**Data provided**
——
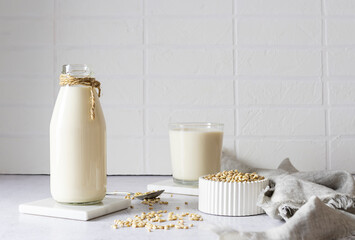 Barley milk in a glass bottle on a marble light stand. Barley grains in a white vase and milk in a glass in the background. White brick background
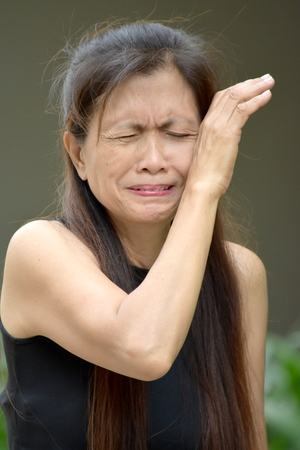 Tearful Retired Minority Female Seniorの写真素材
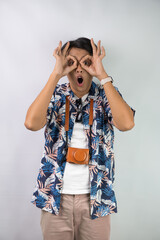 Happy young asian man wearing blue summer shirt is making peering through binoculars hand gesture,...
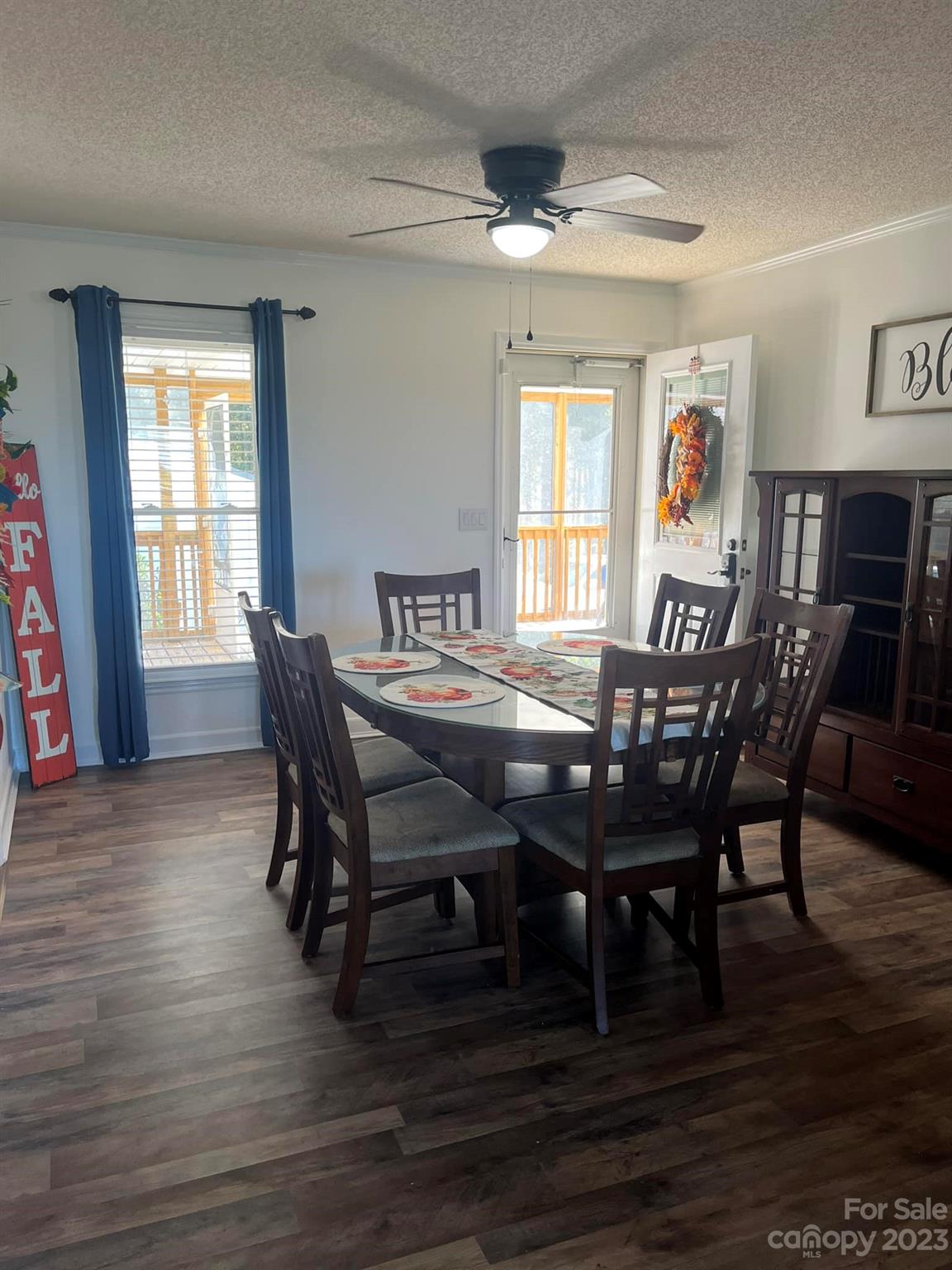 20909 Highway 9 Mount Croghan, SC 29727 - Photo 12 of 21 a view of a dining room with furniture window and wooden floor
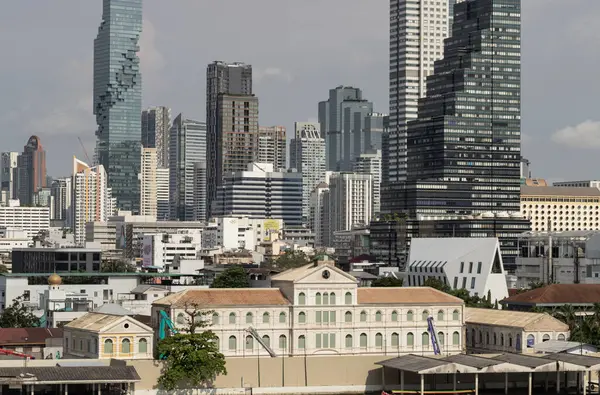 stock image Bangkok, Thailand - 28 Sep, 2024 - Exterior view of The old customs house Or Old bang rak fire station building with Skyscrapers background. Architectural View of Old and New Buildings in Contrasting Classical and Modern Designs, S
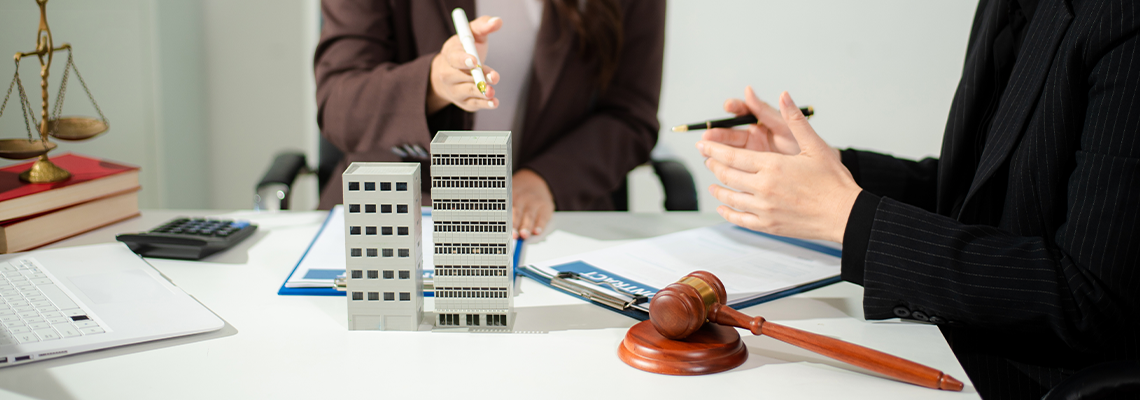 Real estate lawyer reviewing property contract with building model and gavel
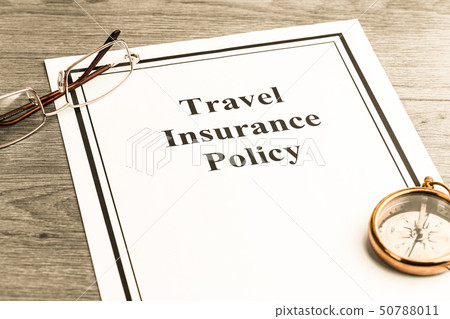 Travel Insurance Policy on Table. Business Concept 50788011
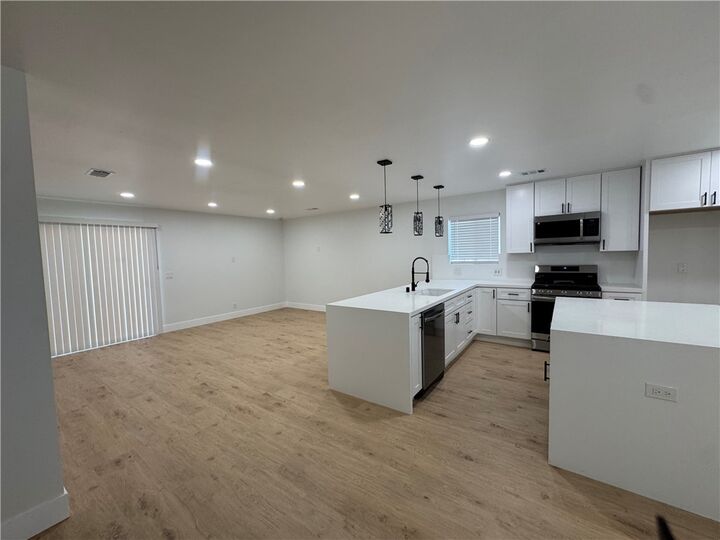 Property Photo:  1873 W Broadway  CA 92804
——
**Work to be completed**
Set down exactly the lines above, from the line containing "Tearful Retired Minority Female Seniorの写真素材" through the line containing "20909 Highway 9". Skip the pictures.

**Reply to the exercise**
 Tearful Retired Minority Female Seniorの写真素材
 Happy young asian man wearing blue summer shirt is making peering through binoculars hand gesture,...
 20909 Highway 9 Mount Croghan, SC 29727 - Photo 12 of 21 a view of a dining room with furniture window and wooden floor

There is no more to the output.